À ses côtés au chant, il y a l’exceptionnelle Caroline Crozat. Sa très belle voix est un plus indéniable et elle apporte une touche de féminité, de sensibilité et de sensualité qui donne un relief et une profondeur supplémentaires aux chansons du groupe. Caroline use de sa voix littéralement comme d’un instrument, et sa prestation n’a rien à envier à celle de Christian bien qu’étant dans un tout autre registre.
Question chant, Tristan Décamps n’est pas en reste non plus. Alors que je n’appréciais que modérément son timbre de voix jusqu’ici, il a réellement pris une ampleur inédite et il m’a totalement scotché dans sa reprise en solo de Harmonie. Celui qui a pris la relève de son oncle Francis Décamps aux claviers s’est montré très à l’aise, et s’il n’a pas encore la présence énorme qu’avait Francis sur scène, Tristan en prend sans aucun doute possible le chemin.
Un autre qui éblouit la scène de son talent, c’est le génial Hassan Hajdi à la guitare électrique. Ce garçon là est vraiment brillant et assure ses solos comme personne. Et le tout avec une énergie impressionnante, il enchaîne riff sur riff tout en étant très mobile sur scène lors des passages les plus dynamiques. Là où le mythique Brézovar sublimait son génie par un visage imperturbable et une attitude toute en force tranquille, Hassan ajoute à son talent un sourire à toute épreuve et une vraie joie communicative de jouer. Hassan Hajdi est un très grand de la guitare électrique, sans l’ombre d’un doute.
Autre musicien de premier plan, bien que beaucoup plus en retenue que ses collègues, Thierry Sidhoum à la basse peut sans complexe rivaliser avec son illustre prédécesseur Daniel Haas. Aussi réservé l’un que l’autre, il affichent le même talent de bassiste, qui font d’eux des pièces discrètes mais maîtresses du groupe.

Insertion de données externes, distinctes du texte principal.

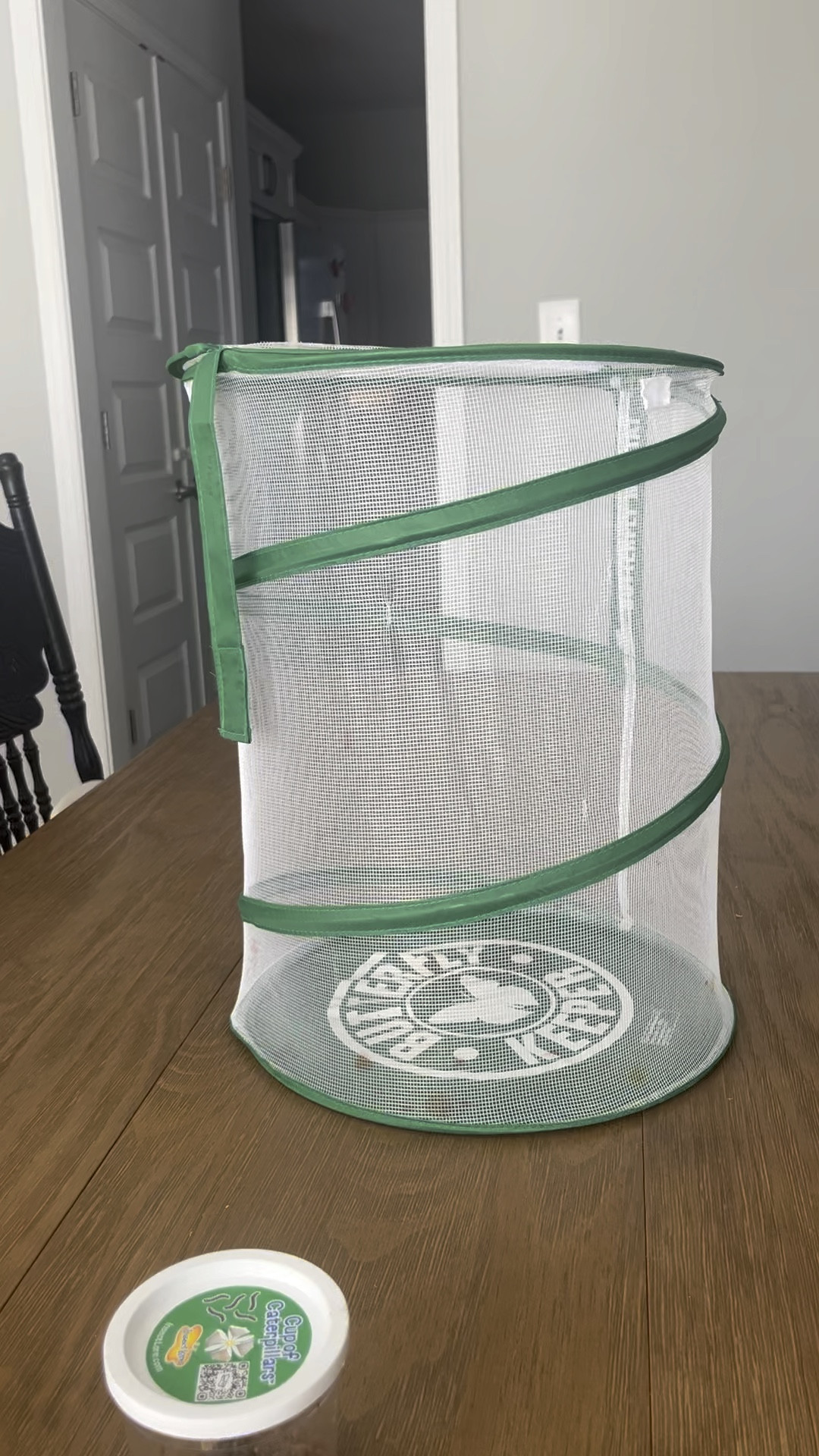 Everything you need to grow your own butterflies 🐛

#LTKSeasonal #LTKBaby #LTKKids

Enfin et pour finir, il y a Benoît Cazzulini le batteur, que je connais beaucoup moins et qui en tant que « petit dernier » de la formation est un peu plus en retrait que ses camarades. Là encore on est tenté de le comparer aux autres batteurs qui se sont succédés au sein du groupe, en particuliers aux deux plus charismatiques, Gérard Jelsch et Hervé Rouyer. Le premier avait une percussion étonnante et le second un dynamisme hors du commun. Benoît quant à lui est un juste milieu. S’il n’excelle peut-être pas, il allie avec finesse de belles qualités de puissance et d’habileté. Reste pour lui à s’affirmer pleinement et asseoir sa place dans le groupe, toujours est-il qu’il pourrait inscrire son nom au firmament d’Ange s’il parvient à gagner encore un peu en aisance. Au sein de telles fortes individualités il est certes facile de rester en retrait, mais le batteur aura tout à gagner en prenant un peu d’ampleur, ce dont je ne doute pas qu’il soit capable.
Vendredi soir donc, Ange nous a prouvé que les jeunes reprennent le flambeau avec brio. Christian Décamps peut être fier de son nouveau groupe, et les fans inconditionnels peuvent être rassurés : cet Ange-ci promet encore de longues et très belles années de musique.
Accroche du dernier album :
Il était une fois un point d’interrogation qui ne se posait jamais de question. Il vivait, tranquille, sa petite vie de ponctuation, finissant régulièrement en bout de ligne comme le font trop souvent les poissons… Un jour, le point d’interrogation tomba amoureux d’une réponse.